[PATCH] sched/debug: Dump end of stack when detected corrupted

From: Feng Tang
Date: Mon Dec 18 2023 - 22:15:04 EST


When debugging a kernel hang during suspend/resume, there are random
memory corruptions in different places like being detected by scheduler
with error message:

"Kernel panic - not syncing: corrupted stack end detected inside scheduler"

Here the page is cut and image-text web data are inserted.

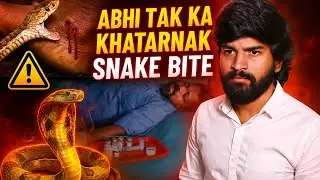 अभी तक का सबसे खतरनाक स्नेक बाइट 🐍 | #muraliwalehausla 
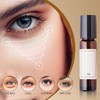 2PCS Eye Roller,Oil and Frankincense Eye Roller, For Eyes, Bags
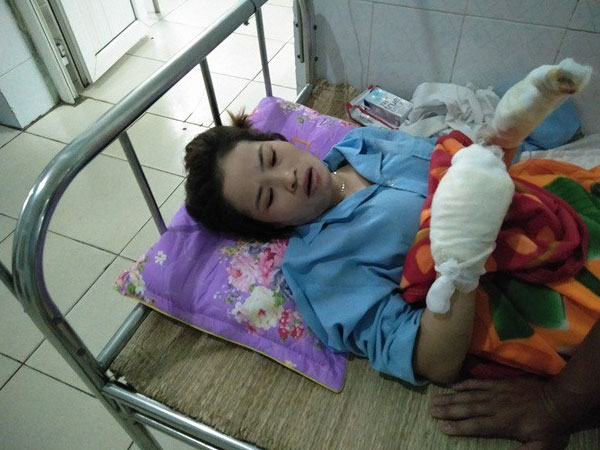 Giây phút kinh hoàng của người vợ bị chồng đổ xăng thiêu sống - 1 Giây phút kinh hoàng của người vợ bị chồng đổ xăng thiêu sống - 1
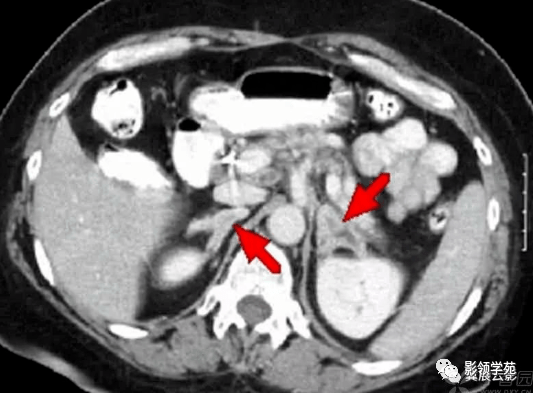 肾上腺病变的ct诊断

Dump the corrupted memory around the stack end will give more direct
hints about how the memory is corrupted:

"
Corrupted Stack: ff11000122770000: ff ff ff ff ff ff 14 91 82 3b 78 e8 08 00 45 00 .........;x...E.
Corrupted Stack: ff11000122770010: 00 1d 2a ff 40 00 40 11 98 c8 0a ef 30 2c 0a ef ..*.@.@.....0,..
Corrupted Stack: ff11000122770020: 30 ff a2 00 22 3d 00 09 9a 95 2a 00 00 00 00 00 0..."=....*.....
...
Kernel panic - not syncing: corrupted stack end detected inside scheduler
"

And with it, the culprit was quickly identified to be an ethernet
driver with its DMA operations.

Signed-off-by: Feng Tang <feng.tang@xxxxxxxxx>
---
kernel/sched/core.c | 12 +++++++++++-
1 file changed, 11 insertions(+), 1 deletion(-)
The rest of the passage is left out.